I called customer service and they believe it's most likely bad springs from the get go....the CS guy mentioned they had another set do the same thing last year. That would be awesome as it's a quick and easy repair that will hopefully prevent me from having to run shoes. If you're plowing someone else's drive for profit shoes are fine because you won't be dealing with the ice created from leaving 1/2 of snow behind everytime you plow.....on your own drive it's nice to clear it.


----------



## Doughboy12 (Oct 15, 2014)

DIXIEDOG;1894602 said:


> I called customer service and they believe it's most likely bad springs from the get go....the CS guy mentioned they had another set do the same thing last year. That would be awesome as it's a quick and easy repair that will hopefully prevent me from having to run shoes. If you're plowing someone else's drive for profit shoes are fine because you won't be dealing with the ice created from leaving 1/2 of snow behind everytime you plow.....on your own drive it's nice to clear it.

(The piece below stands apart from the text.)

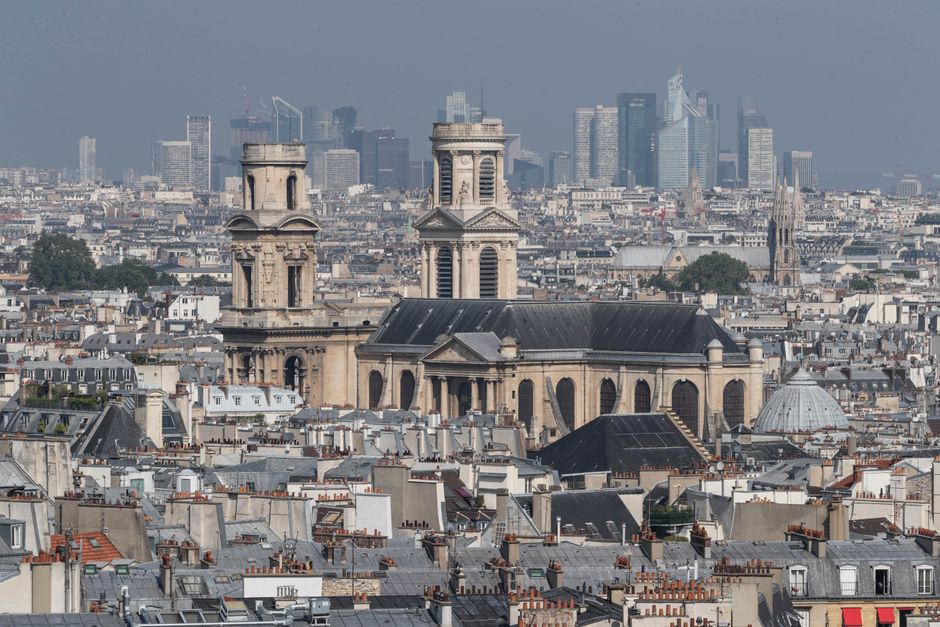 Une vue panoramique de Paris avec l'église Saint-Sulpice en arrière-plan de gratte-ciels modernes.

Bottom line it is most likely spring tension...like some of us suggested. Glad it wasn't your fault though!

On the shoes issue...do what you want but I don't want all that gravel in my yard.
:waving:Thumbs Up


----------



## sublime68charge (Dec 28, 2007)

hoping the new trip springs solve your problem.

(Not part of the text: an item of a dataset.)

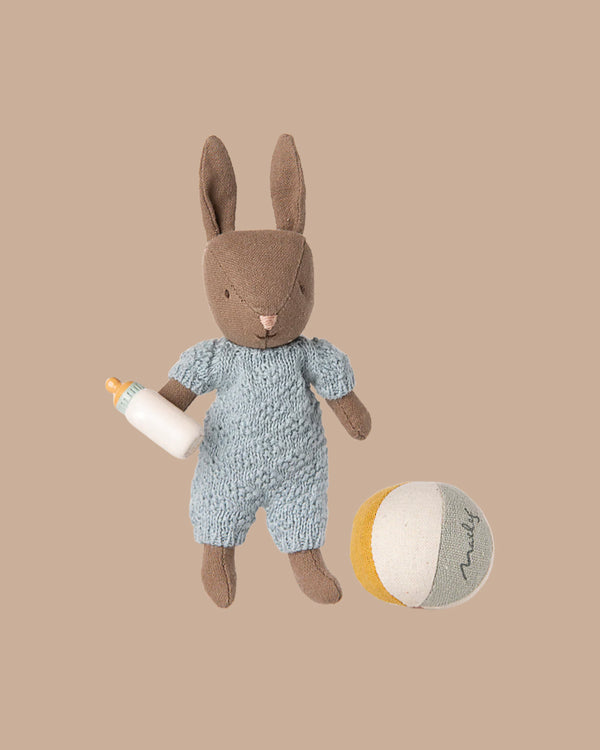 PRE-ORDER: Rabbit Set, Micro - Brown - Blue includes a plush bunny in a blue outfit with a baby bottle and a soft round ball in white, yellow, and gray—perfect for rabbit collections or storytelling. Estimated ship date: Early November.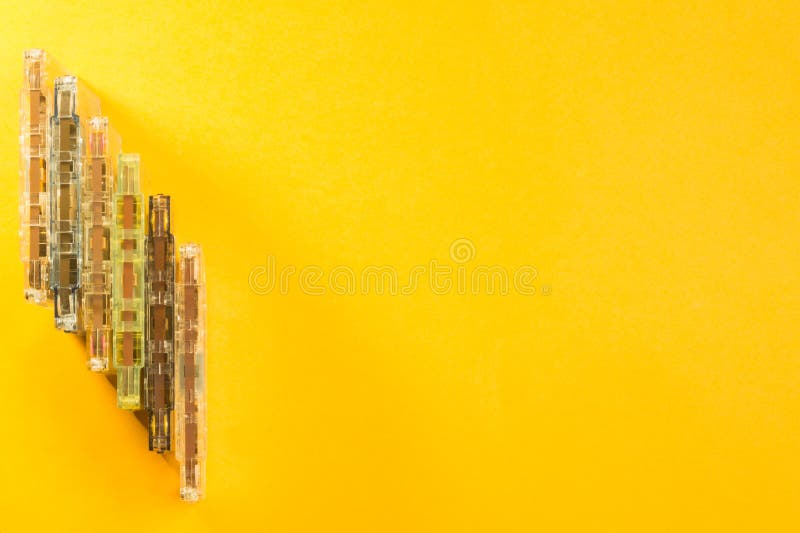Retro Cassette Tape on the Yellow Background. Copy Space Stock Photo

I was just thinking out loud on what it maybe could be.

I know when I have had problems on stuff and posted question's and got replay's sometime I'm like that was super simple and I should have saw the forest for the trees moment.


good luck 

did you add extra help on the front suspension on the gator?


----------



## sublime68charge (Dec 28, 2007)

Doughboy12;1894638 said:


> Bottom line it is most likely spring tension...like some of us suggested. Glad it wasn't your fault though!
> 
> On the shoes issue...do what you want but I don't want all that gravel in my yard.
> :waving:Thumbs Up


wont be in your yard but his LOL :waving:

I know my wife would rather have gravel in the yard VS a Ice rink for the drive way.

happy wife,

happy life


----------



## DIXIEDOG (Nov 30, 2014)

sublime68charge;1894682 said:


> did you add extra help on the front suspension on the gator?

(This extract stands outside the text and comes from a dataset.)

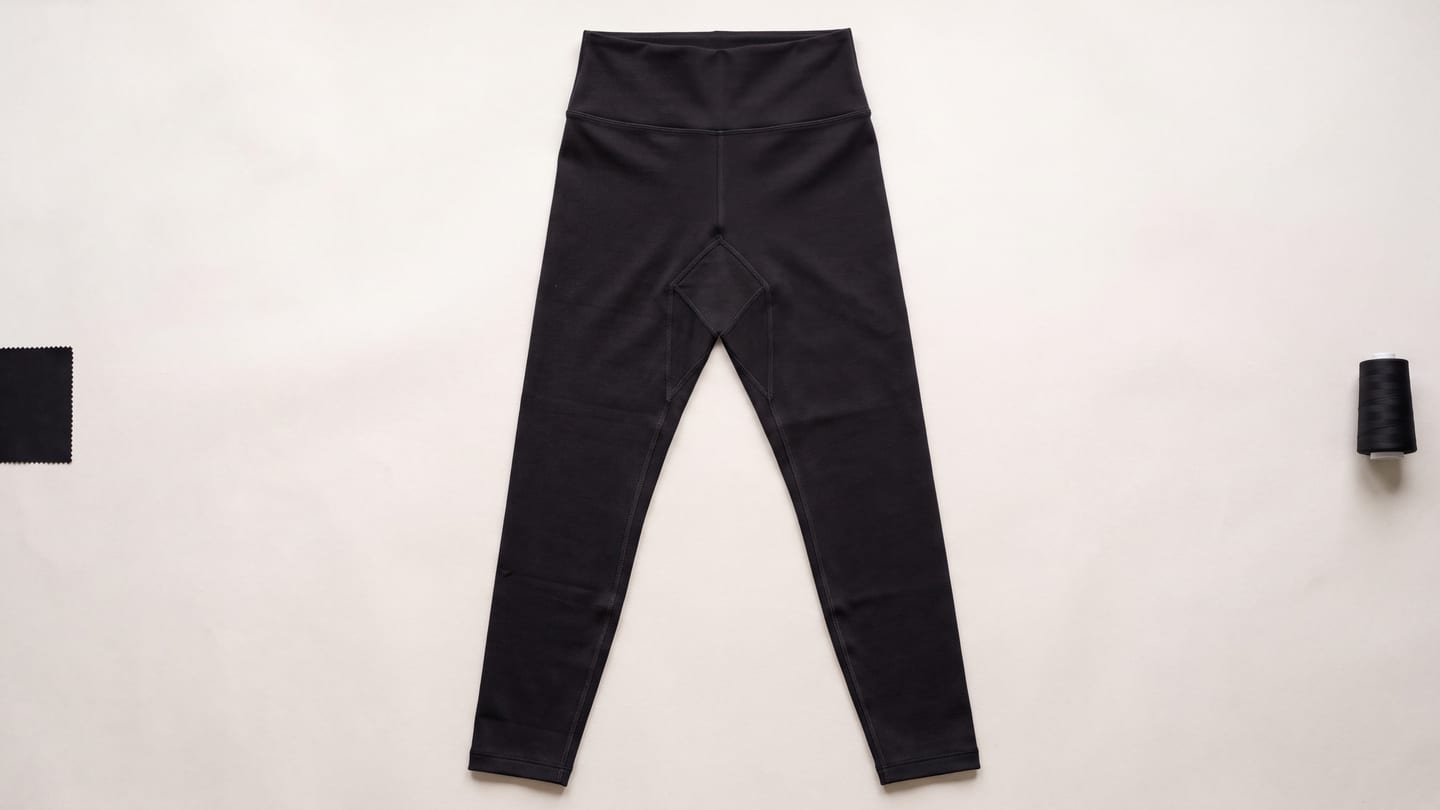 Black high-rise leggings laid flat, full length from waistband to hem, with the diamond gusset visible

No I didn't need to add anything, I did preload the springs up to the second click from full light. When I lift the plow the front drops approx. 1" which was good by me. I did add 500-600 lbs of ballast in the bed though for balance and traction. The Gator is a beast, it's amazing how much it can move.


----------



## leolkfrm (Mar 11, 2010)

when plowing gravel, gravel guards till the stone freezes saves grief, i leave mine on and if need to scrape use a bucket!


----------



## Roper7 (Sep 26, 2013)

I agree. I made some custom pipe that fits over the cutting edge, and tabs that attach to the bolts that hold the cutting edge on. It only takes a couple of minutes to put them on. It really helps smoothing the gravel out until it freezes, then just run the cutting edge. Works great.


----------



## DIXIEDOG (Nov 30, 2014)

What did you use for pipe? PVC?


----------



## Mike_ (Aug 23, 2014)

DIXIEDOG;1895495 said:


> No I didn't need to add anything, I did preload the springs up to the second click from full light. When I lift the plow the front drops approx. 1" which was good by me. I did add 500-600 lbs of ballast in the bed though for balance and traction. The Gator is a beast, it's amazing how much it can move.


I've put around 50-75 lbs in the back of my UTV and it seems to do well, maybe I'll try some more this year and see if I notice any difference in balance. I only have the 72" Eagle straight blade plow don't think it weighs as much as what you have.


----------



## Roper7 (Sep 26, 2013)

DIXIEDOG;1898284 said:


> What did you use for pipe? PVC?


I did use PVC for the prototype, just for the ease of cutting and fitting. I cut a 5/8" slot full length and notches on the ends to maintain full use of the V blade, and to fit tight to the curb guards. Then used 2-1/2" steel pipe and welded two tabs to each one that slide onto the cutting edge bolts (which are long enough from the factory) and throw some nuts on, and tighten. Thats it. Raise the blade all of the way up, and it takes about a minute per side to put on. As for ballast, I use four 80 lbs. bags of concrete mix. Wet them down the first time real well, and let them set up. No mess, no fuss. Easy to pick up and move around when they are solid, and they only cost around $4 each.


----------



## Roper7 (Sep 26, 2013)

If interested, I can post some pics in the next day or two.


----------



## DIXIEDOG (Nov 30, 2014)

Mike_;1898305 said:


> I've put around 50-75 lbs in the back of my UTV and it seems to do well, maybe I'll try some more this year and see if I notice any difference in balance. I only have the 72" Eagle straight blade plow don't think it weighs as much as what you have.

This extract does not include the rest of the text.